Exercise: Return the listing below exactly, with the pictures dropped.

Data for this exercise:
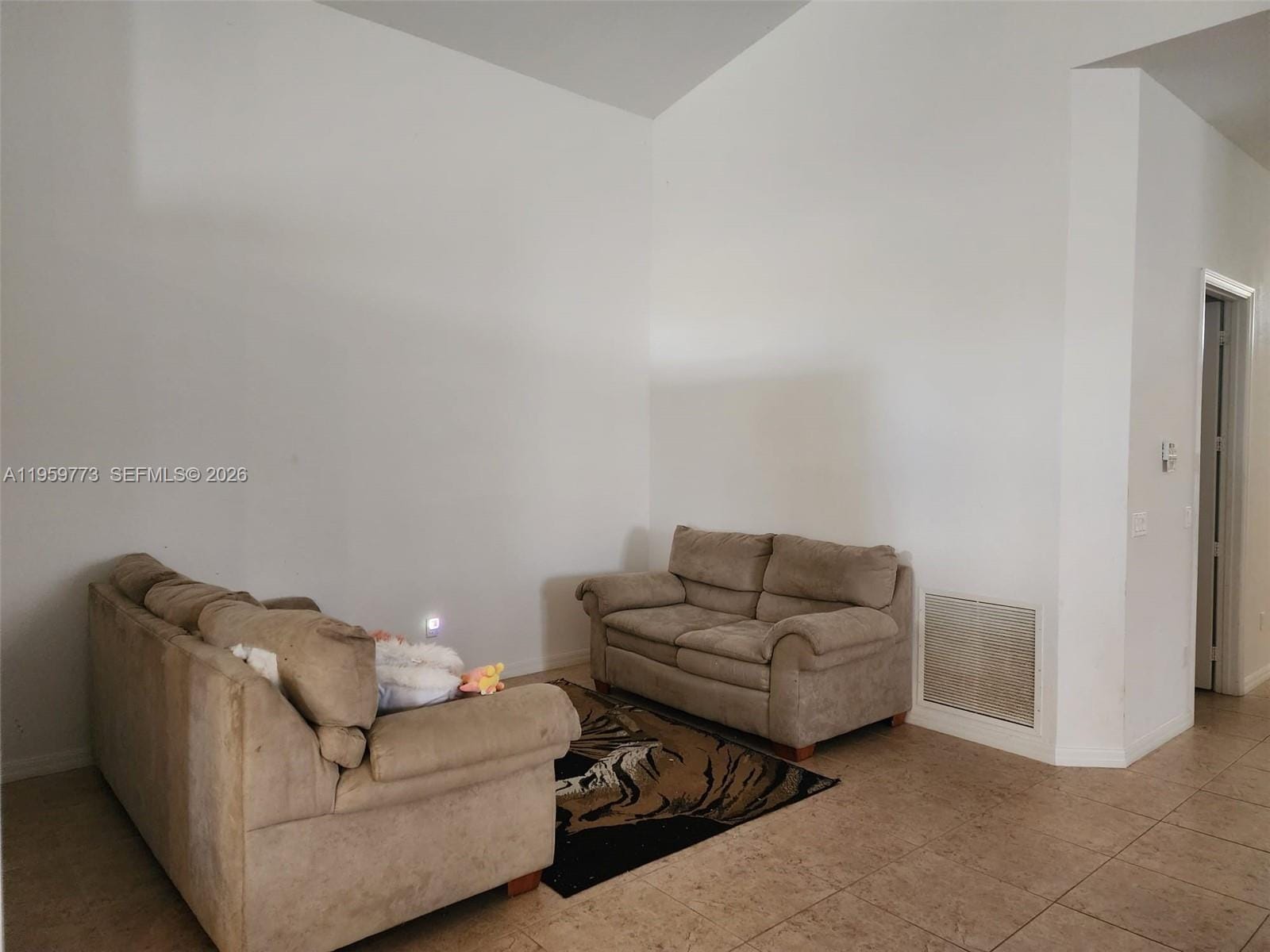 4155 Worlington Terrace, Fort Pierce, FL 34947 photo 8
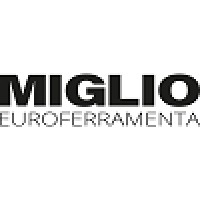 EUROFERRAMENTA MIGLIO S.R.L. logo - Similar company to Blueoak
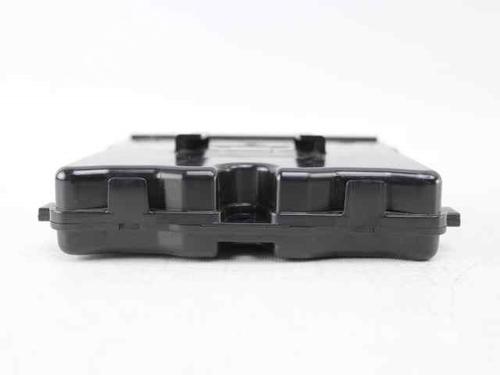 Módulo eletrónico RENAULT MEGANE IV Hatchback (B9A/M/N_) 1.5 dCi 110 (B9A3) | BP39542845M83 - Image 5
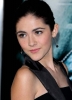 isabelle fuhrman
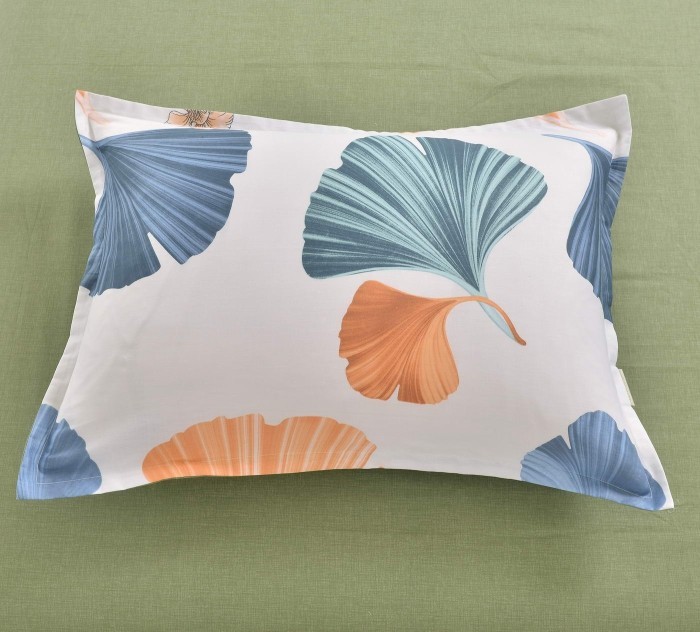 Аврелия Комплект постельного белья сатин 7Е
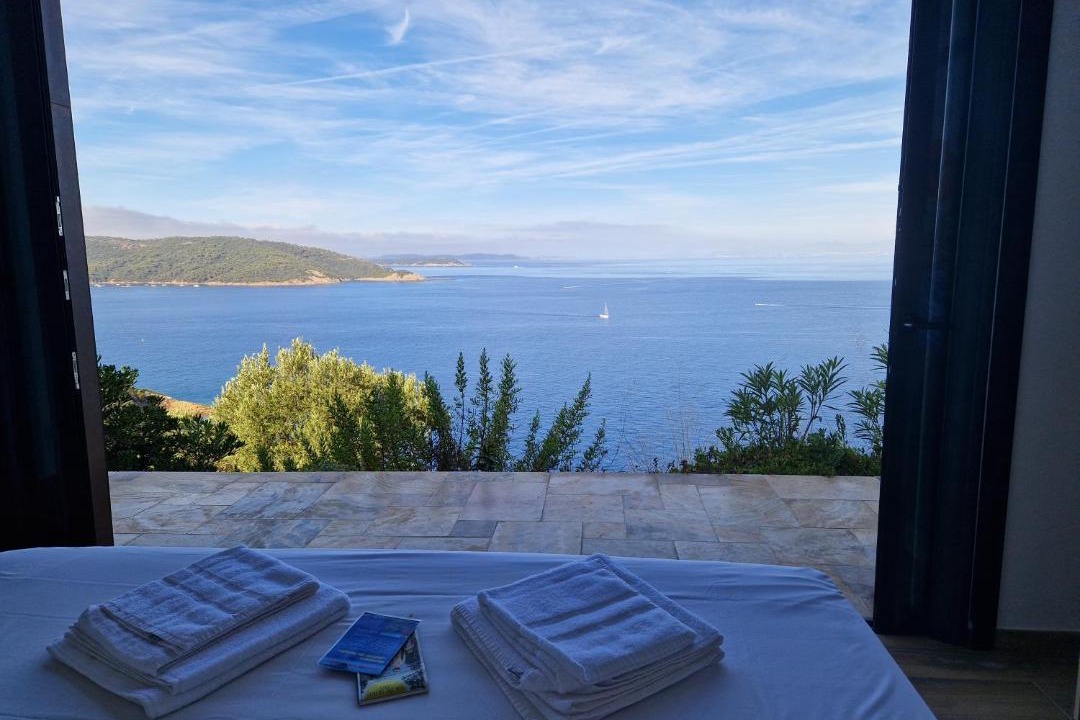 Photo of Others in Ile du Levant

Response:
 4155 Worlington Terrace, Fort Pierce, FL 34947 photo 8
 EUROFERRAMENTA MIGLIO S.R.L. logo - Similar company to Blueoak
 Módulo eletrónico RENAULT MEGANE IV Hatchback (B9A/M/N_) 1.5 dCi 110 (B9A3) | BP39542845M83 - Image 5
 isabelle fuhrman
 Аврелия Комплект постельного белья сатин 7Е
 Photo of Others in Ile du Levant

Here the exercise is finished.